Recommendation algorithm set up #6064

Open
opened 2026-02-22 12:24:27 -05:00 by deekerman · 3 comments
Owner

Originally created by @solidheron on GitHub (Apr 10, 2025).

Describe the problem to be solved

tl;dr: I'm proposing the addition of two elements to a video's .json value: Video_description_vector_history and Video_description_vector. The first element records the history of all descriptions submitted for a video, and the second represents what an instance decides to share from that description.

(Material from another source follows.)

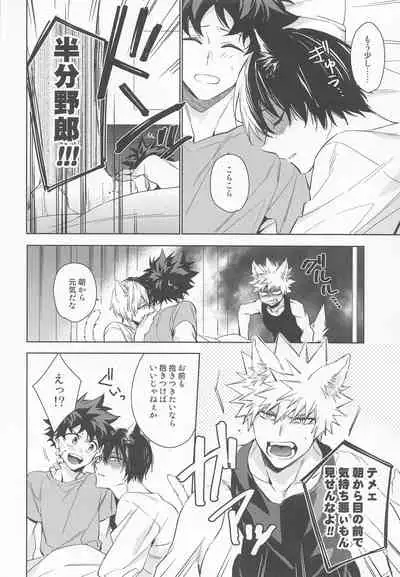 Pet-sama no Iu toori +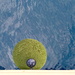 Buoy/Bumper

I've been thinking about recommendation algorithms for PeerTube and what that would entail. I'm currently in the research and brainstorming phase. One idea I've come up with is that viewers could run a recommendation algorithm locally on their own machines, using information from the API and possibly the video content itself. For now, I'm calling the description of a video—such as the category it belongs to—a Video_description_vector. This will be used to help shape a user vector, which will guide what videos are recommended. I haven't fully developed the algorithm yet, but I anticipate that in the future there will be a variety of algorithms, both local and instance-based.

All algorithms, however, will need a video descriptor. I'm starting to form my own standard for describing videos, but I recognize that someone else may eventually come up with a better standard. Therefore, I want to suggest adding two .json elements: Video_description_vector and Video_description_vector_history, as shown below.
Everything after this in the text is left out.